Over the past year my partner and I have also paid 12,000 in rent which my parents have agreed to subtract from the cost of the home. 

So, now we come to determining the cost of the home for the sale. As far as I can tell, It should be 213,000 + 24,000 - 12,000 = 225,000. My partner and I would then put at 20% down payment on the home and mortgage the remaining. Is this a correct valuation of the home in our situation of re-sale?

The other option is to leave the debt in my parents line of credit and set up some sort of rent-to-own agreement (if such a thing exists). In this case we could dump the planned downpayment on to the line of credit and make rent payments (ie. pay down the line of credit) at the maximum rate our budget allows - something which could be flexible month to month. 

So my question is which option is best? Start building credit with a mortgage and try to determine an appropriate cost of the home? OR Stay with the line of credit? Or....door number 3 - buy a different house, abandon the 12,000 we paid in rent and allow my parents to rent the property to someone else.

Sorry this question is so long winded - I don't really know anything about buying a home and there are just so many variables to consider. If this topic has been previously discussed please direct me to the archived thread. 

Thank you, 

David


----------



## DanFo (Apr 9, 2011)

That's a nice offer from your parents....personally if it was me in your shoes...

I'd ensure buying the place is not going to effect their retirement plans since you stated their intention was to move into your rental in a few years, if they are fine with it and your happy to buy the place (and see yourselves there past 2020) procceed. 

Personally I'd get my own mortgage so I wouldn't have to worry about money matters between family, it would also free up your parents LOC in case they wanted to invest into a new property....If you do stay on their credit you'll need to keep good records of all the payments as it's their LOC and they'd be free to add to it, or pay it down quicker themselves.

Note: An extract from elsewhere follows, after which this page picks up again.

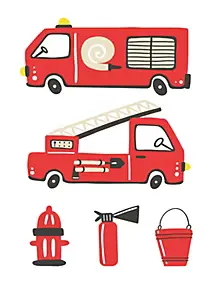 Affiche Fireman rouge Dada Art l.30 x H.40 cm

Since right now the property is an investment your parents would have to pay capital gains on the sale of the house..seeing as they just recently bought the property, a 225 000 cost seems like it could be close enough to FMV and they'd claim the loss..an appraisal might be required though in case of an audit..something to look into as I'm no realestate or tax expert.


----------



## Dana (Nov 17, 2009)

Taaviti said:


> The other option is to leave the debt in my parents line of credit and set up some sort of rent-to-own agreement (if such a thing exists). In this case we could dump the planned downpayment on to the line of credit and make rent payments (ie. pay down the line of credit) at the maximum rate our budget allows - something which could be flexible month to month.

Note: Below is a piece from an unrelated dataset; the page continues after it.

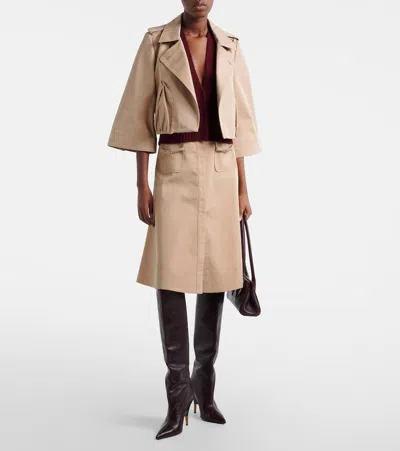 Dorothee Schumacher Luxury Layer Cropped Cotton-blend Jacket In Neutral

This option would not allow you and your partner to put the property in your name. IMO it is the most complicated option in your situation. 



Taaviti said:


> So my question is which option is best? Start building credit with a mortgage and try to determine an appropriate cost of the home? OR Stay with the line of credit? Or....door number 3 - buy a different house, abandon the 12,000 we paid in rent and allow my parents to rent the property to someone else.


If you decide to purchase the house from your parents, contact a mortgage broker. Their services will be free for you, you can get a pre-approval for a mortgage and an appraisal to help determine FMV of the house as this is not an arm's length transaction. You may also consider contacting a real estate lawyer re: land transfer taxes etc as these fees will have to be taken into consideration.

Personally, I would find a different house not owned by family. 

Good Luck.


----------